Using yet more of the Lily of the Valley printed cotton I had a yearning for a princess seamed blouse with frills. I was inspired by the Saraste blouse by Named ‘Breaking the Pattern’ book as shown by Rachel of Stitched Up on her Instagram and You Tube vlogs.
First I needed to draft a pattern using my darted bodice block. This is a fairly simple hack involving some dart manipulation and within an hour I had a new set of pattern pieces.
A forward shoulder adjustment was made. Originally I had thought of making a shawl collar but eventually decided to stick to a standard revere but with rounded collar slightly smaller than the original and a rounded edge of lapel/facing. The blouse would be sleeveless as I have yet to draft a sleeve for this bodice block. I decided to make a wearable muslin first using some pretty Pink floral cotton that I picked up last August at a Sew Southampton meet up. Just as well that the print was not a one-way design as the fabric measured just 1.5m x 114 cms so not a lot to play with!

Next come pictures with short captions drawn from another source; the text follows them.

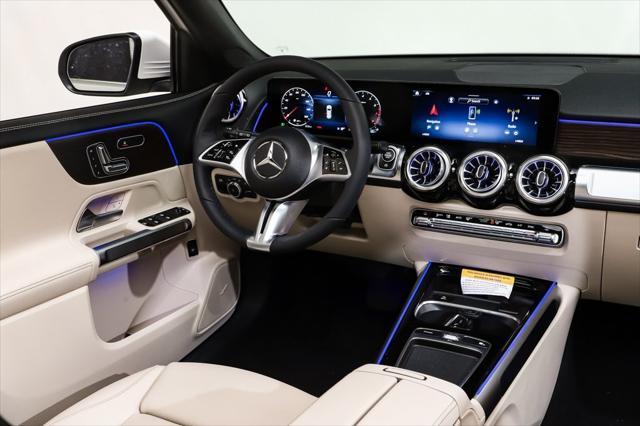 new 2025 Mercedes-Benz GLB 250 car, priced at $53,395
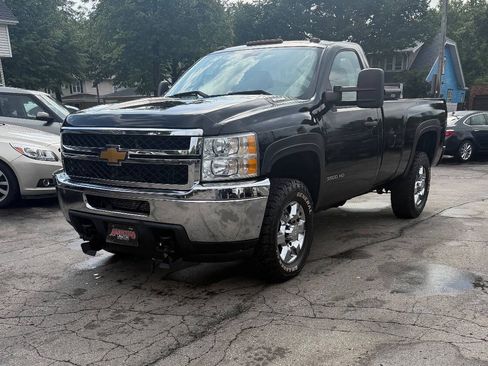 Used 2014 Chevrolet Silverado 3500 W/T w/ Snow Plow Prep Package AWD/4WD image 2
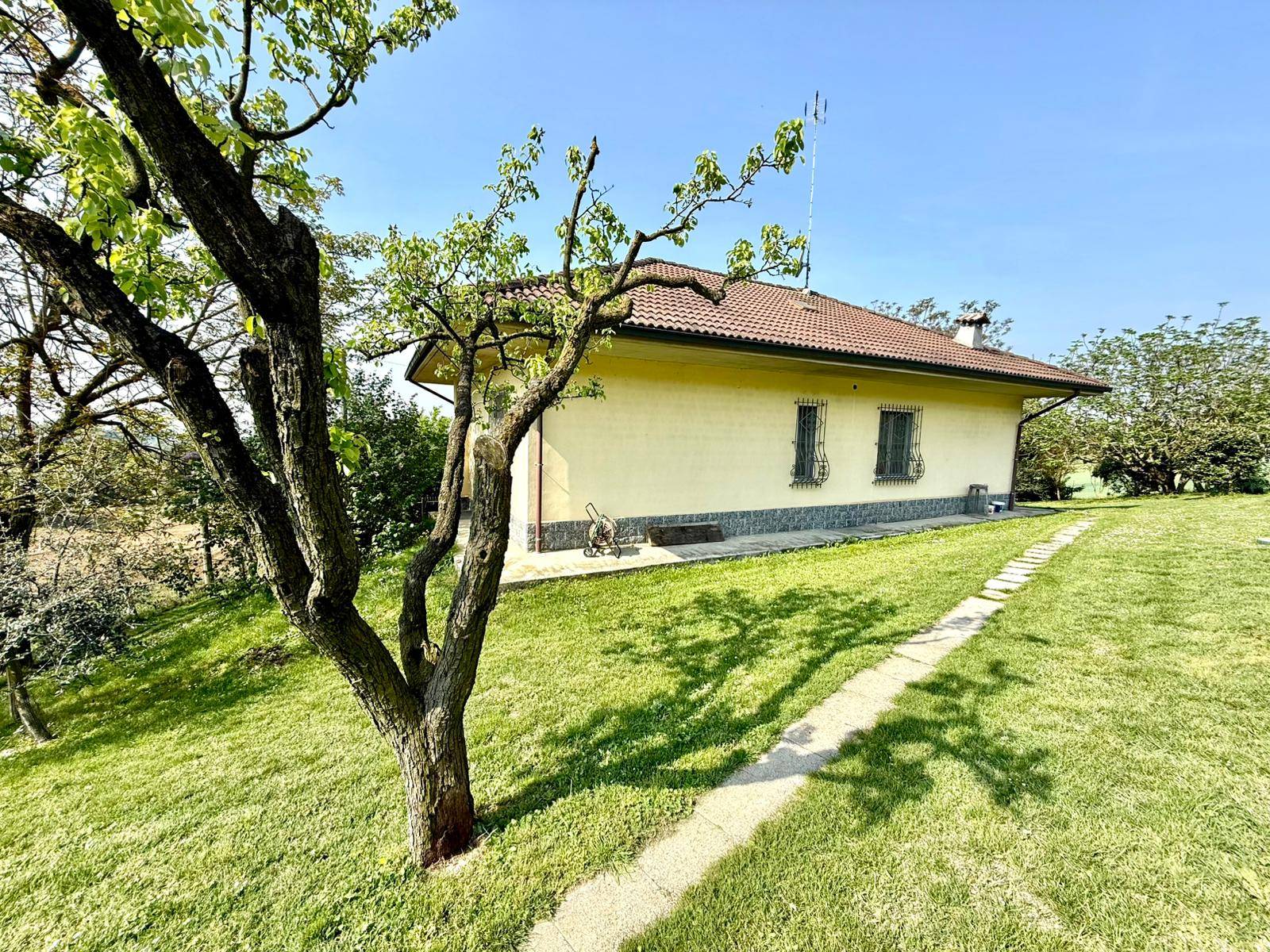 Villa in vendita a Alessandria, Valle San Bartolomeo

There were several interruptions to the construction of this blouse – visits by the plumber, gardener and general day-to-day duties such as housework, laundry and cooking!
I had drafted the pattern larger than my measurements and gradually took in the seams until I had an acceptable fit. I then amended the pattern pieces accordingly. All seams were overlocked and the Princess seams were also top-stitched to help keep the frill laying in the right direction.
I am particularly pleased with the collar. I had reduced the depth and with the rounded corners I believe that it is appropriate for this style and the print used.
The hem was overlocked and machined in place. I used 5 Raspberry-coloured spotty buttons from my stash (bought in bulk from eBay) and the buttonholes stitched like a dream.
The armholes were finished with some viscose voile binding folded double and machined in place on the inside.
It took a whole week to finish the construction but I know that next time it should take only an afternoon to make this style of blouse.
Whilst I am very pleased with the final garment, there are a few changes that I will make for the next iteration; reduce the width of the frill and make in fabric folded double to remove the need to have a hem on the edge of the frill, extend the frill insertion to waist level at the front, extend the length of the blouse by at least 2 inches and shape with a curve front and back.
So that is the wearable toile completed. Next I should be making the blouse in the Lily of the Valley printed cotton. However, I have a backlog of beautiful viscose fabrics – the next project will be Montana #5!